Problem to work on:
The required result is an exact copy of the lines from the one containing "Building Photo - 4303 E Cactus Rd Unit 202" to the last line of the records, both ends included, without pictures.

Web page caption snippets
┌────────
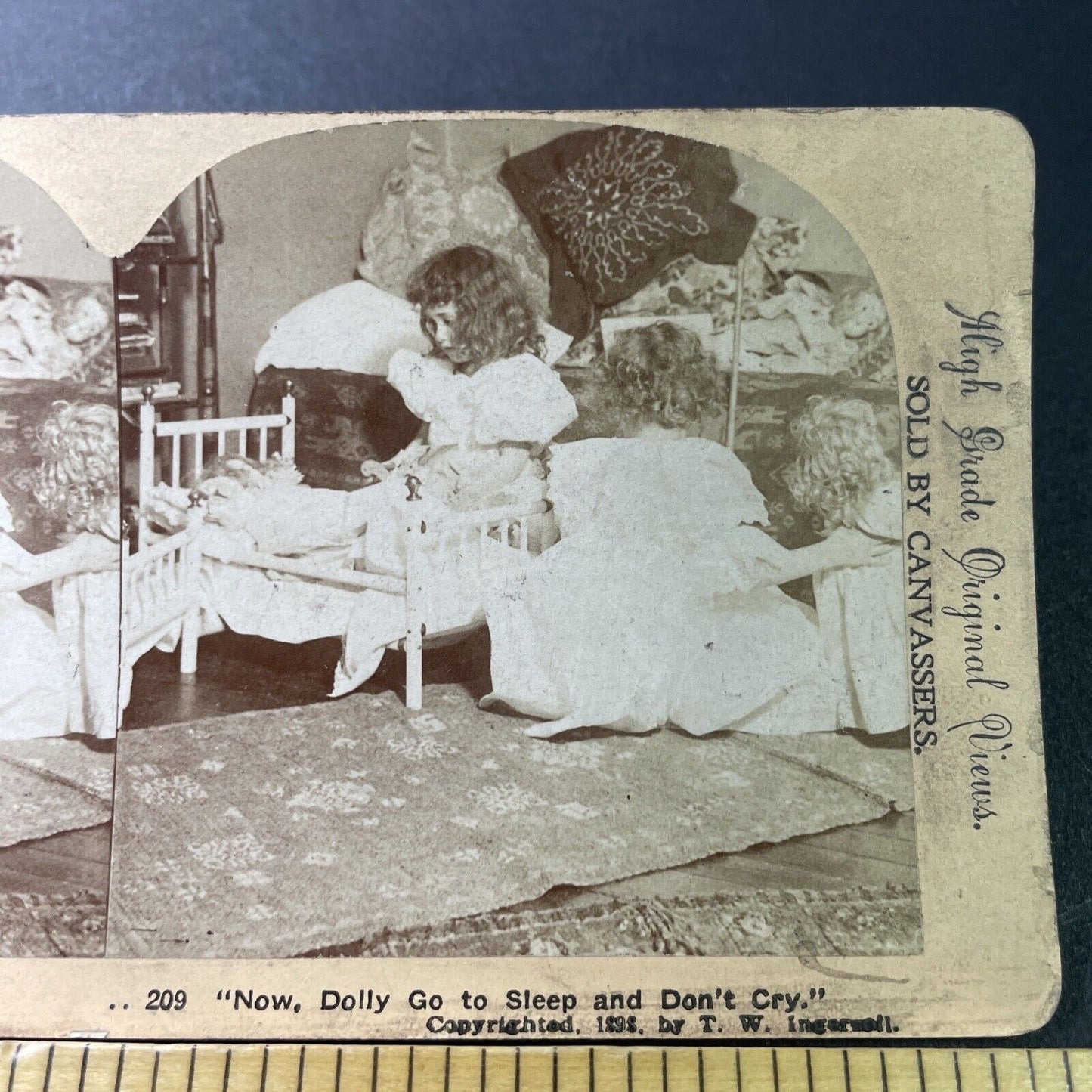 Antique 1898 Little Girl Puts Dolls To Bed At Night Stereoview Photo Card P3397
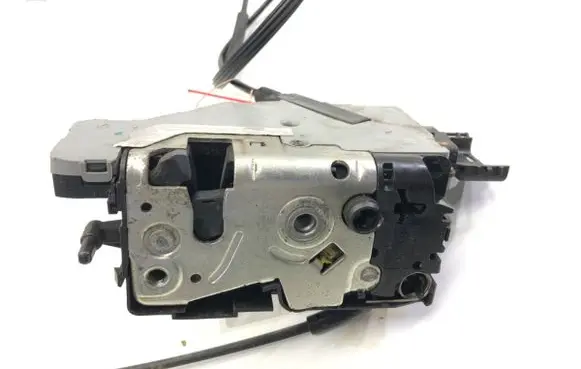 Citroen C4 Grand Picasso Rear door lock 24087816
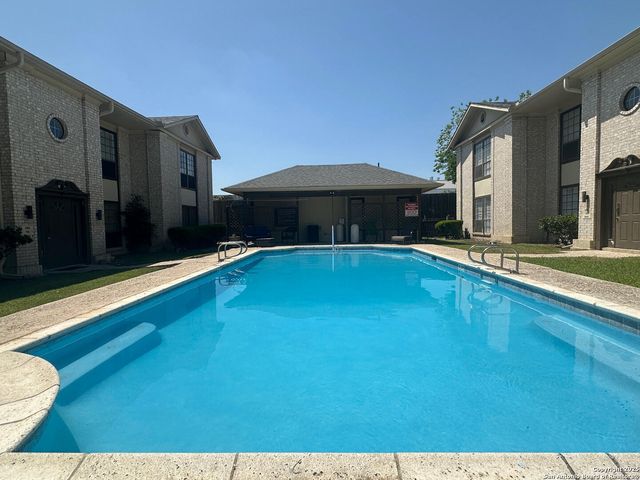 165 W Rampart Dr Apt 805, San Antonio, TX 78216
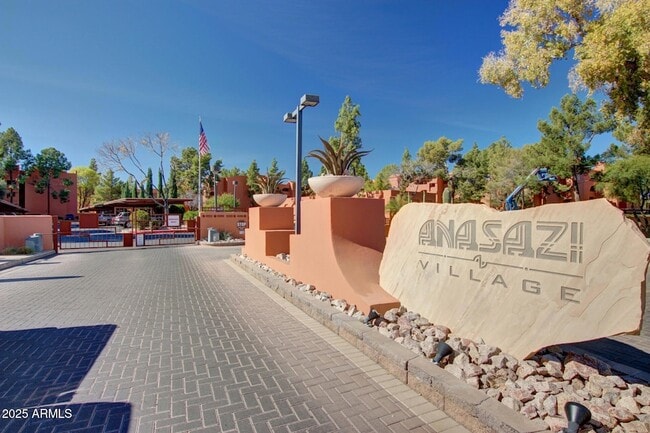 Building Photo - 4303 E Cactus Rd Unit 202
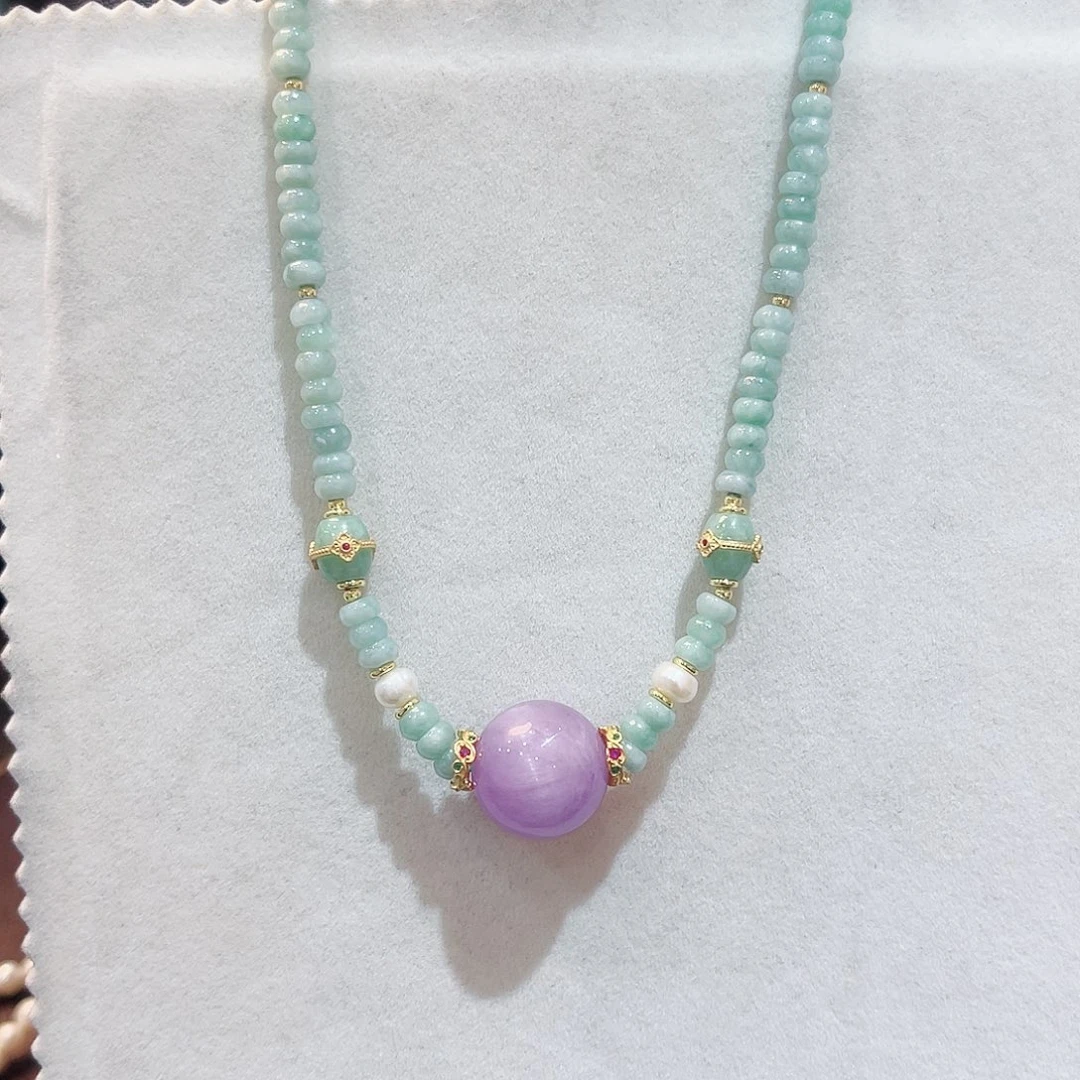 翡翠颈饰未镶嵌项链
└────────
Response:
 Building Photo - 4303 E Cactus Rd Unit 202
 翡翠颈饰未镶嵌项链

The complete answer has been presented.